The White House immediately stated that the “district court’s decision wrongly prevents these lawful, commonsense policies from taking effect.”
Current Status of States’ Lawsuit (Texas v. United States)
The government subsequently appealed the decision granting the preliminary injunction to the higher federal court, the Fifth Circuit Court of Appeals. This appeal is proceeding on an expedited basis, and the court will hear oral argument on July 10, 2015.
In addition, the government asked Judge Hanen to “stay” the injunction (i.e., stop the injunction from being in effect), and then made the same request—on an emergency basis—to the Fifth Circuit when Judge Hanen did not rule quickly. Fifteen states that are not suing plus the District of Columbia supported the government’s efforts to stop the preliminary injunction from going into effect, citing the economic and social benefits they expect to receive from President Obama’s action. Nonetheless, on May 26, 2015, a divided panel of the Fifth Circuit Court of Appeals denied [4] the request for an emergency stay of the preliminary injunction, with the result that the hold on implementation of DAPA and expanded DACA will continue while the Fifth Circuit considers the appeal of the preliminary injunction itself. The majority concluded that the federal government was unlikely to succeed in its appeal of the preliminary injunction and indicated its agreement with Judge Hanen’s decision. In his dissenting opinion, Judge Stephen A. Higginson, called out the “political nature of this dispute” and argued that the courts have no role to play in reviewing the Administration’s policy choices. The Department of Justice said that it will not seek an emergency stay from the Supreme Court, given that the appeal is on an expedited schedule.

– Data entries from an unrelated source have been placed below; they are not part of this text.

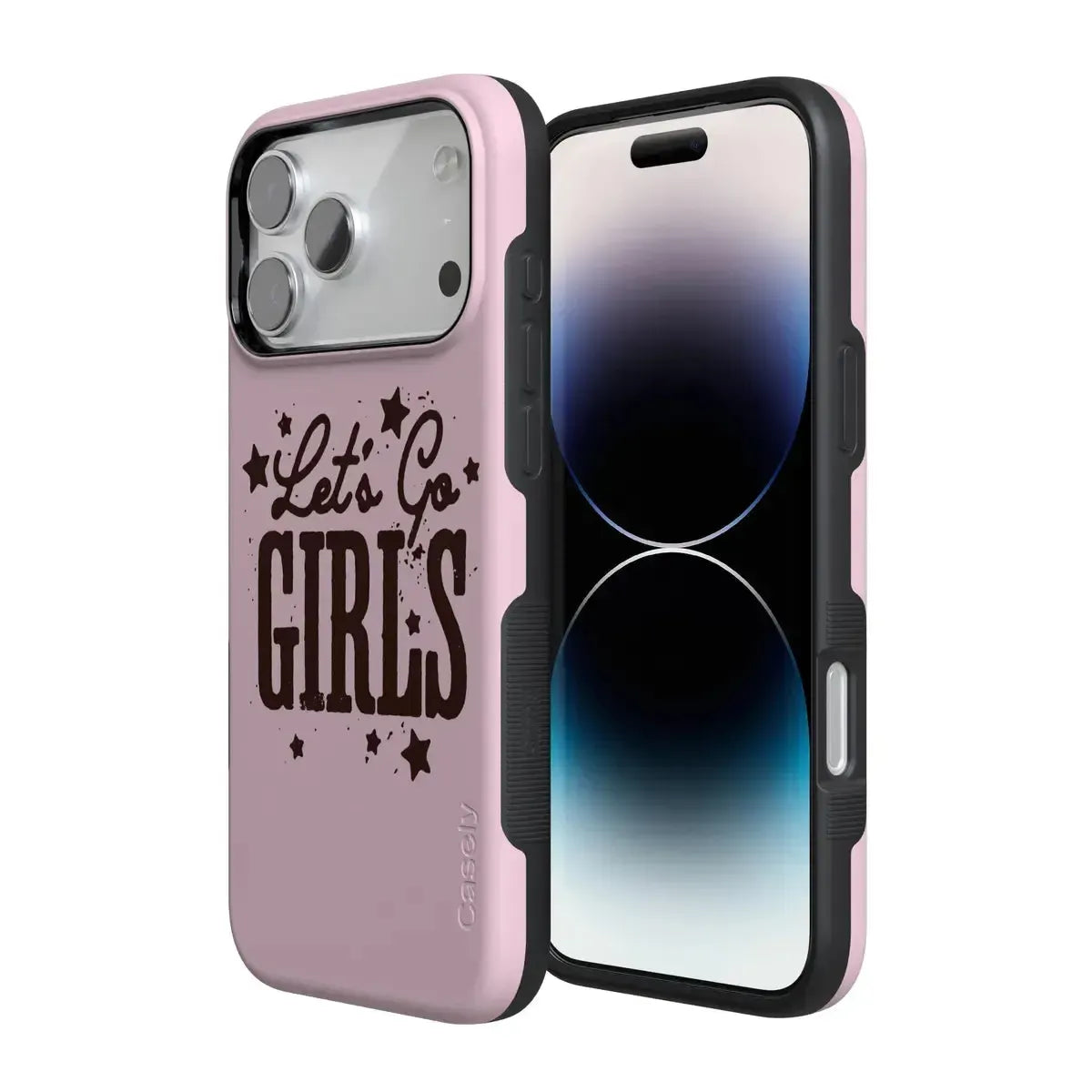 Bride or Die | Rodeo Bachelorette Case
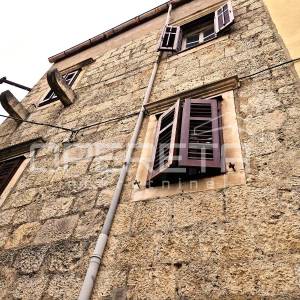Obiteljska kuća u mirnom dijelu grada Korčule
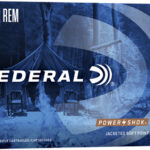 FEDERAL POWER-SHOK 280 REM – 150GR SP 20RD 10BX/CS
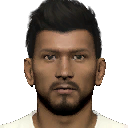 F. CAMUS PES 2016 portrait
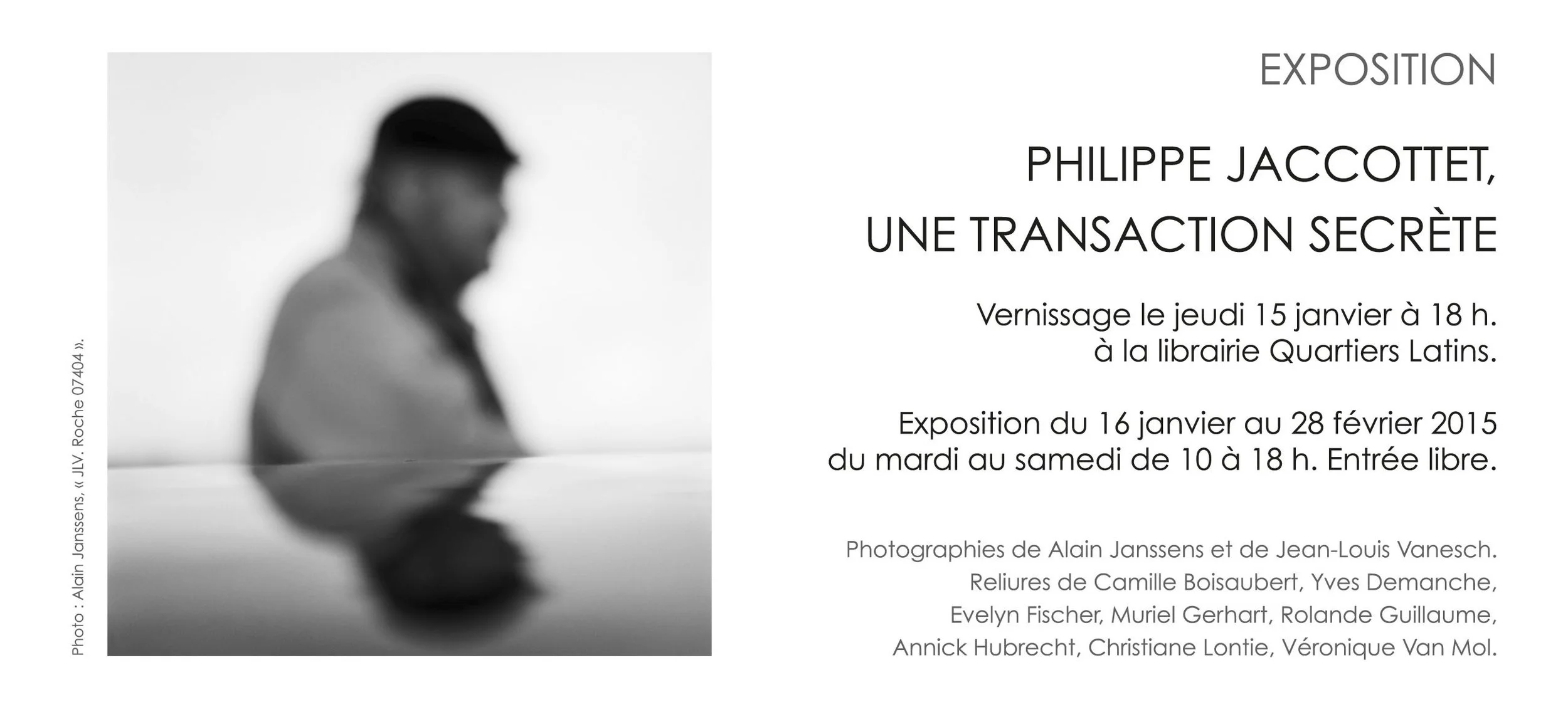 "Autour de Philippe Jaccottet" - musiq3 - Ω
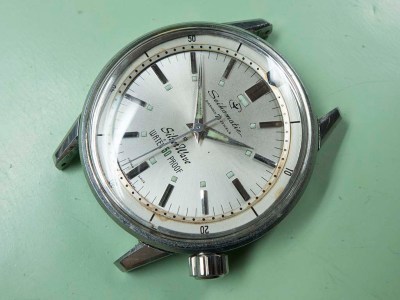 Seiko Silverwave Seikomatic 50m  J12082 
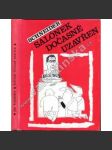 Salónek dočasně uzavřen (exilové vydání, satira, politika, komunismus, invaze 1968) - náhled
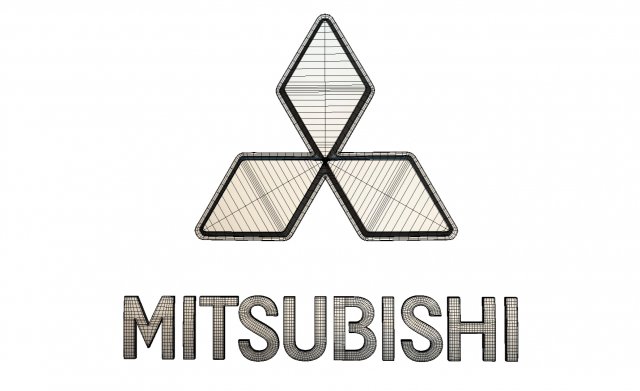 Иконки, логотипы, символы Mitsubishi — Скачать в PNG и SVG бесплатно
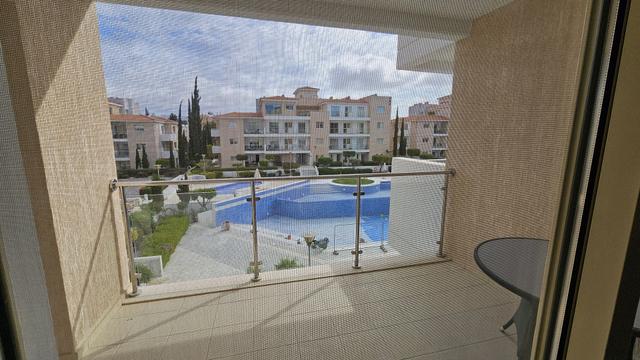 3-bedroom apartment in Paphos № 154001: https://dom.com.cy/en/catalog/sale/154001/ (dom.com.cy)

Meanwhile, after the appeal was filed, the Fifth Circuit issued a significant decision with implications for Texas v. United States. It unanimously dismissed Crane v. Johnson, a separate lawsuit challenging the original DACA program by the State of Mississippi and several ICE officers. That Crane decision sets a precedent that undermines the Texas plaintiffs’ arguments, by rejecting the Crane plaintiffs’ standing arguments under “especially rigorous” scrutiny, and recognizing that not only DACA but also DAPA and expanded DACA require case-by-case adjudication.
Conclusion
The lawsuits challenging DAPA and expanded DACA are merely attempts to use the courts to challenge President Obama’s authority to defer deportations, even though widespread agreement exists that his actions are well within his authority. Scratching the surface of these complaints yields highly speculative arguments—little more than the economic and criminal myths that have long been the focus of anti-immigrant rhetoric. These are the same arguments restrictionists have used to fight immigration reform in Congress, to champion Arizona’s SB 1070 and similar state anti-immigrant laws, and to promote “enforcement first” for decades. Meanwhile, immigration executive action is expected not only to preserve families, but also to increase U.S. gross domestic product, increase tax revenue, and raise wages (although legislative reform would likely have a larger impact).